Voici les actes des tsaddikim, dont le mérite est grand auprès du Saint, béni soit-Il, au point que par la force de leur sainteté ils peuvent véritablement créer des mondes.

LA HAPHTARA DE LA SEMAINE

Le rapport avec la paracha : Cette haphtara est l’une de celles qu’on lit pendant les sept Chabbats de consolation, à partir du Chabbat qui suit Ticha BeAv. Et c’est l’une des sept haphtarot du livre de Yéchayah, qu’on appelle « Chiva DeNe’hamata » (les sept haphtarot de consolation).

 « Consolez, consolez Mon peuple » (Yéchayah 40, 1)

Le Saint, béni soit-Il dit aux bnei Israël :

Vous devez vous consoler ne fût-ce qu’en cela que vous êtes « Mon peuple ».

Cette chose à elle seule comporte une très grande consolation.

(« Bnei Issakhar »)

 « Consolez, consolez Mon peuple, dit votre D. » (Yéchayah 40, 1)

Il faut s’interroger sur la répétition « consolez, consolez ». Une parabole aidera à la comprendre :

Deux hommes abandonnèrent leur femme pour s’en aller au loin.

L’un d’eux partit à cause de la misère, pour chercher de quoi vivre. L’autre était très riche, mais sa femme était une femme acariâtre et de mauvais caractère, c’est pourquoi il l’avait quittée pour partir très loin avec le pauvre.

Quand ils se trouvèrent là-bas depuis longtemps, sans que leurs femmes aient la moindre nouvelle tant c’était loin, celles-ci allèrent demander aux marchands qui allaient d’une ville à l’autre si par hasard ils avaient rencontré leur mari.

Or un certain commerçant leur annonça : « J’ai vu vos maris et j’ai parlé avec eux, ils m’ont même donné des lettres pour vous. » Les femmes lui demandèrent de leur donner les lettres, mais il leur répondit qu’il n’avait pas le temps maintenant de les chercher, et il promit que le lendemain il les leur donnerait.
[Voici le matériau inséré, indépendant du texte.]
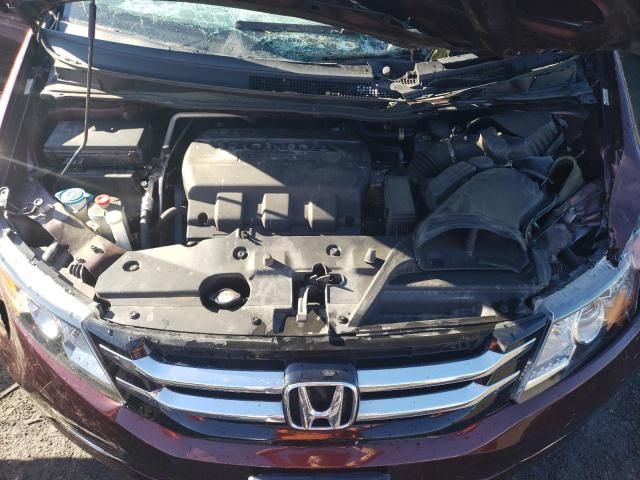 2014 Honda Odyssey EXL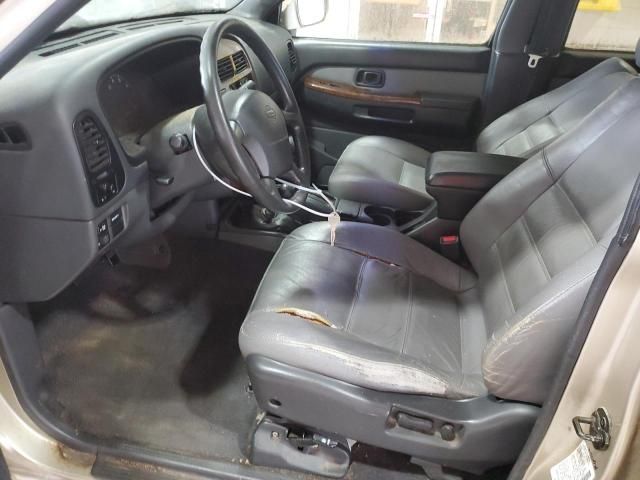 1997 Nissan Pathfinder LE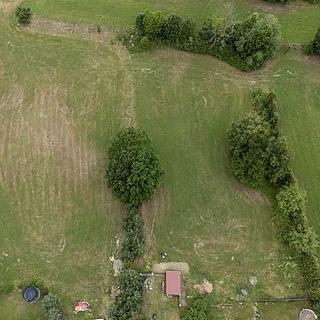 Prodej stavební parcely 5 949 m² Vyskytná nad Jihlavou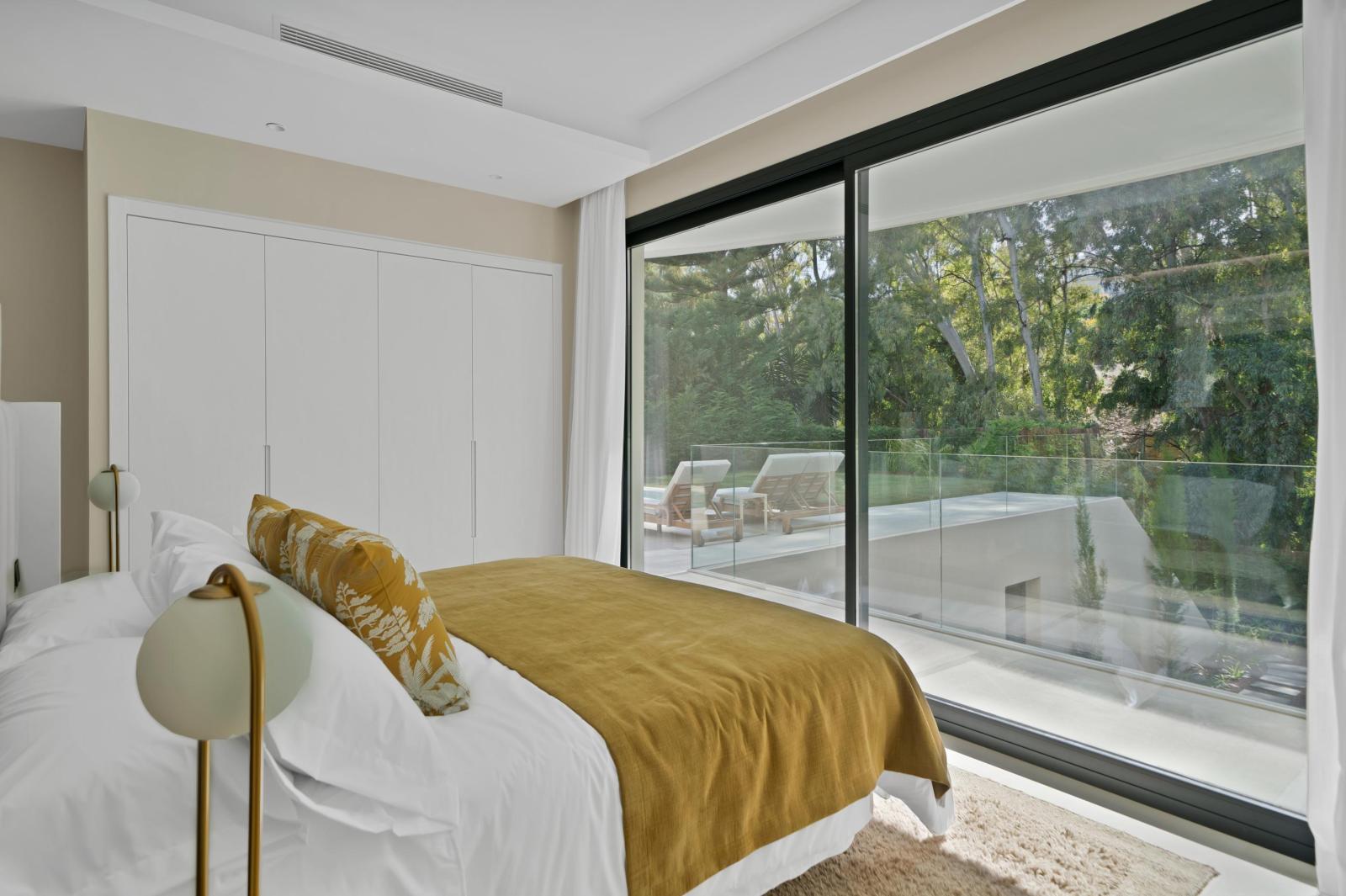Villa for Rent in Marbella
Et voici que la femme du riche rentra chez elle toute joyeuse sans rien ajouter, mais la femme du pauvre le supplia instamment de chercher la lettre et de la lui donner. Le marchand lui demanda : « Pourquoi est-ce que vous me suppliez plus que votre amie, qui s’est réjouie de la bonne nouvelle et est rentrée chez elle ? »

La femme répondit amèrement : « Il y a une grande différence entre moi et mon amie. Elle reste tranquillement chez elle et elle se tait parce qu’elle a beaucoup d’argent à la maison ; son mari l’a quittée à cause des disputes qu’il y avait entre eux, et elle se soucie seulement de savoir s’il est encore fâché contre elle, c’est pourquoi quand elle a entendu qu’il lui avait envoyé une lettre, cela lui a suffi pour savoir qu’il voulait encore d’elle et qu’il lui reviendrait. Le fait même qu’il lui ait écrit l’a déjà consolée. Mais moi, je suis une malheureuse femme pauvre et dénuée de tout, et j’aspire à savoir ce que m’écrit mon mari et s’il a trouvé une source de subsistance.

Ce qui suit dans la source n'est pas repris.